The mandate, more descriptively titled the “free-rider clause,” fines uninsured individuals who expect taxpayer-supported emergency services to cover calamities that befall them. It is also the component of the reform that allows insurance companies to affordably cover those with pre-existing conditions. Cutting the mandate, Scalia mused, cuts the heart out of the entire reform and would almost certainly kick the whole matter back to a gridlocked Congress, while millions of lives hang in the balance.

A recent Pew poll shows that approximately 83 percent of Americans are affiliated with an organized faith, be it a form of Christianity, Judaism, Muslim, Hinduism or Buddhism. A whopping 78.4 percent of us fall somewhere in the Christian camp. Yet, it is core Christian values that are currently on trial at the Supreme Court.

Perhaps this emotional dissonance is what drives a new poll from the New York Times that shows that only 44 percent of Americans approve of the job the Supreme Court is doing. Once a venerated institution that seemed immune to the partisan squabbles of the other branches of government, the Court has consistently displayed its corporate and right-wing allegiances in decisions that span from 2000’s Bush v Gore when it picked our president and irrevocably altered the course of history (Scalia later told Americans to “get over it!” when asked about the decision) to the 2009 Citizens United decision, the impact of which is being felt acutely this election season. Now, 75 percent of Americans say that the Justices’ political preferences motivate their decision making on the bench.

When healthcare reform passed in 2010, the United States ranked dead last among similar countries in a study comparing cost and quality of healthcare. America consistently spends twice as much for lesser care than its industrialized allies.
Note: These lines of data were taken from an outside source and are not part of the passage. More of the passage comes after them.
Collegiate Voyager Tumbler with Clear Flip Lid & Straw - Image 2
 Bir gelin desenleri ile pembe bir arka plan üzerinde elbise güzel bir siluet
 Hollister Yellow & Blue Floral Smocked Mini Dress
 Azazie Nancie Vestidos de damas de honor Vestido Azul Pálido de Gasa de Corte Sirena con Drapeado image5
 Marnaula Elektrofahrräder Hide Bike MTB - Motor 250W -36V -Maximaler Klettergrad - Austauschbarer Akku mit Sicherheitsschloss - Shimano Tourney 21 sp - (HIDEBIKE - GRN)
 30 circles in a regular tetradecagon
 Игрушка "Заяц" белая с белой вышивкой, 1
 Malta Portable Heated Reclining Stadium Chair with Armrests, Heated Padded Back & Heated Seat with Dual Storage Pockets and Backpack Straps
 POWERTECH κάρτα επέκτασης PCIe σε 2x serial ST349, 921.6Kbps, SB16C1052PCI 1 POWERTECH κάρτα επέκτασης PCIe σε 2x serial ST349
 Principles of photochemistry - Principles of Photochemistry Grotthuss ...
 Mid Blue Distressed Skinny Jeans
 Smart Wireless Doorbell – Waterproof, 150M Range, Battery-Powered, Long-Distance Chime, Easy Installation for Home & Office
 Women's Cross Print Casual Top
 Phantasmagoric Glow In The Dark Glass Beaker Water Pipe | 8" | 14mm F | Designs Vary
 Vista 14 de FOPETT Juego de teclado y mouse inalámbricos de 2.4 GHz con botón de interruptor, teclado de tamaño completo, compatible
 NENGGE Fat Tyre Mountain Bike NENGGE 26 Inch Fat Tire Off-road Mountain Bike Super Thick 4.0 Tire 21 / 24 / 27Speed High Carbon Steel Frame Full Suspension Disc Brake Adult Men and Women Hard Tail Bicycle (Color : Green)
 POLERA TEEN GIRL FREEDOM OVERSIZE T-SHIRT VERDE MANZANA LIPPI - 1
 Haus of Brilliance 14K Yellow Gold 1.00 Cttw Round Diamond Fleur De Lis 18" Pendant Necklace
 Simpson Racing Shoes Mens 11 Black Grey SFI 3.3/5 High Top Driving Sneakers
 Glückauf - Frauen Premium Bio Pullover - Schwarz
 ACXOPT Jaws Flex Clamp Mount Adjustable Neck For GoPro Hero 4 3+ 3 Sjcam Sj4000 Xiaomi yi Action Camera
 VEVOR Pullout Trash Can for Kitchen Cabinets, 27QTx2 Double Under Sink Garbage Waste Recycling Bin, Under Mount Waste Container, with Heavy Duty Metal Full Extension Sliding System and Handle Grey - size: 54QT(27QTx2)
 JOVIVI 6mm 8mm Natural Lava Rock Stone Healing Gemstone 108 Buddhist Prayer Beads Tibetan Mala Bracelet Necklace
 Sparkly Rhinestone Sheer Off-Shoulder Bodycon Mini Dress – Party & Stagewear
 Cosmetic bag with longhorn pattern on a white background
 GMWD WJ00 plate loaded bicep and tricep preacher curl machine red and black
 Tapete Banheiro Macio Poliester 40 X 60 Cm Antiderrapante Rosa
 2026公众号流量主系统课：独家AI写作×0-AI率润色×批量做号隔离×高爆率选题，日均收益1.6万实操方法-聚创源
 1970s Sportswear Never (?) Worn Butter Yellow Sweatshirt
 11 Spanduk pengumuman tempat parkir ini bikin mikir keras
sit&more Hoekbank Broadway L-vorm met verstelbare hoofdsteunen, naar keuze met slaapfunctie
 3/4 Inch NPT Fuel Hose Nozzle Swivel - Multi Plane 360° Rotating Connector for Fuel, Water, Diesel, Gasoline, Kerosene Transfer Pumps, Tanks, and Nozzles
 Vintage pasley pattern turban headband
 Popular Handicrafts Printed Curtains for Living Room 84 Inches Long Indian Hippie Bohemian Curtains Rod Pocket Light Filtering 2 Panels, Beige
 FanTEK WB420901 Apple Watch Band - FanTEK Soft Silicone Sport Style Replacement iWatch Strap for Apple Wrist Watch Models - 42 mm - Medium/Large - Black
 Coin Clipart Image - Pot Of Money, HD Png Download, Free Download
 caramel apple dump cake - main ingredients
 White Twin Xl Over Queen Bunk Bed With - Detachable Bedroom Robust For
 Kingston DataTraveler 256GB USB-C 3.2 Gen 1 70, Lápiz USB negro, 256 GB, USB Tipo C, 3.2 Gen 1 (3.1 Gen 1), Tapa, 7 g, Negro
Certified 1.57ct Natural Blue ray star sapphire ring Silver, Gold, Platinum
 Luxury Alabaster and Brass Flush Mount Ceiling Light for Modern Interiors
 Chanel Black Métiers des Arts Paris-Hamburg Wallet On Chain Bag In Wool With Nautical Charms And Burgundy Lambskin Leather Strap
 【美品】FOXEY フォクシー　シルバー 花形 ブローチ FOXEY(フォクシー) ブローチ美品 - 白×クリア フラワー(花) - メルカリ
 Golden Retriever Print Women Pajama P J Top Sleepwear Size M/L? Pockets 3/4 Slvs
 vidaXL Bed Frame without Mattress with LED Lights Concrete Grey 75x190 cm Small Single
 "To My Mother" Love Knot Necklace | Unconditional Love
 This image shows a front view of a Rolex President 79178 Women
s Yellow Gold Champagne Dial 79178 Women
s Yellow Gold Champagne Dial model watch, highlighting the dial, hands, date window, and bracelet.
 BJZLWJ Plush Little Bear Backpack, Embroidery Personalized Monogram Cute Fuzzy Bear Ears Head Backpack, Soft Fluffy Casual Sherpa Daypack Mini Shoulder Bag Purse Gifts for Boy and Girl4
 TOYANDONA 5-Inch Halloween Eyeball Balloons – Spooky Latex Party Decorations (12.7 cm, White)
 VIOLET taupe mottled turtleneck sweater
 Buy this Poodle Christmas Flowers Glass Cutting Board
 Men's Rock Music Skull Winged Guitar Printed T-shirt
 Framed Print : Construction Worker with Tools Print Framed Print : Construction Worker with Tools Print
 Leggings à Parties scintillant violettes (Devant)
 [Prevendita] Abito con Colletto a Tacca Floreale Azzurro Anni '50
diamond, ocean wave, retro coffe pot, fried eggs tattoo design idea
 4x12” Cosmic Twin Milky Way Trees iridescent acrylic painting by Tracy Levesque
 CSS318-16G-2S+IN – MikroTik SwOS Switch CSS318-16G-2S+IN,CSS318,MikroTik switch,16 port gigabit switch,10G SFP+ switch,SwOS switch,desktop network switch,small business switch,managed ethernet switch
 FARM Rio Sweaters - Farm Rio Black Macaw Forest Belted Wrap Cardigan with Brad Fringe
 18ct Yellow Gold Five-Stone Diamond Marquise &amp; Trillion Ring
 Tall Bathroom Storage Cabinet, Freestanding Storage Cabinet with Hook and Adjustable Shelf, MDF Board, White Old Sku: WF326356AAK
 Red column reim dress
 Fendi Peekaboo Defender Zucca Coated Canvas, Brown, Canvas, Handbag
While the Affordable Care Act left some of the best solutions on the table, it offers real hope to the one in four American adults that go without healthcare each year due to job transitions or other circumstances. So many of our neighbors live in terror that a single unexpected calamity will drive their family into bankruptcy spurred by emergency medical bills. Now, when the verdict comes in, those fellow Americans can add a new fear to their list: that a Conservative Catholic Supreme Court Justice will lead the charge to let them die.